Shane McGlaun - Jul 19, 2021, 6:09am CDT
The tallest mountains on a neutron star are only millimeters high

Here on Earth, mountains get extremely tall, thousands and thousands of feet high. However, new models of neutron stars show that the tallest mountains on these objects are only fractions of millimeters high due to the massive gravity of the incredibly dense objects. Neutron stars are some of the densest objects in the known universe, weighing about as much as the sun while being only about 10 kilometers across.

Because the stars are so densely packed, they have massive gravitational pull estimated at a billion times stronger than Earth’s gravitational pull. The immense gravity squishes every feature on the surface of the star to extremely small dimensions. With all of its surface features smoothed out by immense gravity, the stellar remnant is an almost perfect sphere.

While the “mountains” on the neutron star’s surface are billions of times smaller than similar features on Earth, they are nonetheless known as mountains.
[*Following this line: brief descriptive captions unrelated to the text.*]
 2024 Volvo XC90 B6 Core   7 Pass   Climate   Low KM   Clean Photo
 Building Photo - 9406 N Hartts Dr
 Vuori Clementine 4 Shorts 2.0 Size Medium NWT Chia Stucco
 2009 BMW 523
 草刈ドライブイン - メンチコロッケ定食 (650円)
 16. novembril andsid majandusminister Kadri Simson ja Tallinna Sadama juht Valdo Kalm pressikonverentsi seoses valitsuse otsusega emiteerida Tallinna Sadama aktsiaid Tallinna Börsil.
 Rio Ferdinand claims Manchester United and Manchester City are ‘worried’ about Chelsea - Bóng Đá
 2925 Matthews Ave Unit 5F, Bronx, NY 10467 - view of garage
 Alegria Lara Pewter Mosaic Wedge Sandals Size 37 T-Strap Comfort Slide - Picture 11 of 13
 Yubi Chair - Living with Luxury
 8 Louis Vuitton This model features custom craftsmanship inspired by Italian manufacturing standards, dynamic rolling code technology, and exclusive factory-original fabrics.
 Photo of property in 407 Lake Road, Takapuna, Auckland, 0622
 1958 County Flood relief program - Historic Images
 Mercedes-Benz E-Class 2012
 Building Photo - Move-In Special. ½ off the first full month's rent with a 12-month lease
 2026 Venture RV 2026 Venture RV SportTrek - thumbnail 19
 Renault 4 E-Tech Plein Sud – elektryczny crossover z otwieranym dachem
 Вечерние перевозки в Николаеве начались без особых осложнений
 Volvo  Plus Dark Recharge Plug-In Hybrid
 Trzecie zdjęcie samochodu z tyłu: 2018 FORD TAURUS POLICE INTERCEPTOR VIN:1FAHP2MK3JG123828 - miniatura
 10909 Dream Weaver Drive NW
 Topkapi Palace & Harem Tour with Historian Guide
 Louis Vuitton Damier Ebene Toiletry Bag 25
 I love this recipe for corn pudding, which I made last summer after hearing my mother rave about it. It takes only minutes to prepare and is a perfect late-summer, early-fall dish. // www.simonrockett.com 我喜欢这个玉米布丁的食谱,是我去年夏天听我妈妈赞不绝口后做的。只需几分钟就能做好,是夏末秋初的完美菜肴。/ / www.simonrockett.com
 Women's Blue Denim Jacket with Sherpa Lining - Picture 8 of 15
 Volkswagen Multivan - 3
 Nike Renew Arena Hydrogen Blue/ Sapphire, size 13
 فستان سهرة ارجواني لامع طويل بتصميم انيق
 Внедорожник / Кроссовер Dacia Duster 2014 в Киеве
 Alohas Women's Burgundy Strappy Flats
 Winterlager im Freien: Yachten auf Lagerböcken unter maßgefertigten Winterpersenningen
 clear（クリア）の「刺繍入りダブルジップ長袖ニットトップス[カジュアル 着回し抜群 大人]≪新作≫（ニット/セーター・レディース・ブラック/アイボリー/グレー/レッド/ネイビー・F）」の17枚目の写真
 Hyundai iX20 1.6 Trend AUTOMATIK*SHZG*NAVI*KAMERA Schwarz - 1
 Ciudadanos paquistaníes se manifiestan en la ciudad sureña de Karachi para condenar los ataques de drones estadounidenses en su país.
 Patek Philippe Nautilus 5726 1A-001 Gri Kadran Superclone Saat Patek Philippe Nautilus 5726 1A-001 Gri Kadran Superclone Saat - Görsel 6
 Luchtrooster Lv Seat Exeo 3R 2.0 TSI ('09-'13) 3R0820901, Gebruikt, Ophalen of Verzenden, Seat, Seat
Researchers used computational modeling to build realistic neutron stars and then subjected them to a range of mathematical forces to find how mountains on the neutron star were created.

In their study, the team investigated the role ultra-dense nuclear matter played in supporting the mountains and found that the largest mountains produced are only a fraction of a millimeter tall. That is 100 times smaller than previously estimated. Researchers say over the past 20 years, interest in scientific communities has been high in understanding how large mountains on the neutron stars could be before the crust of the star breaks and the mountain can no longer be supported.

Previous work suggested that neutron stars could sustain deviations from a perfect sphere of up to a few parts in one million. That would’ve implied mountains as large as a few centimeters. However, the calculations assumed the neutron star was strained in a way that the crust was close to breaking at every point, but new models indicate those conditions aren’t realistic.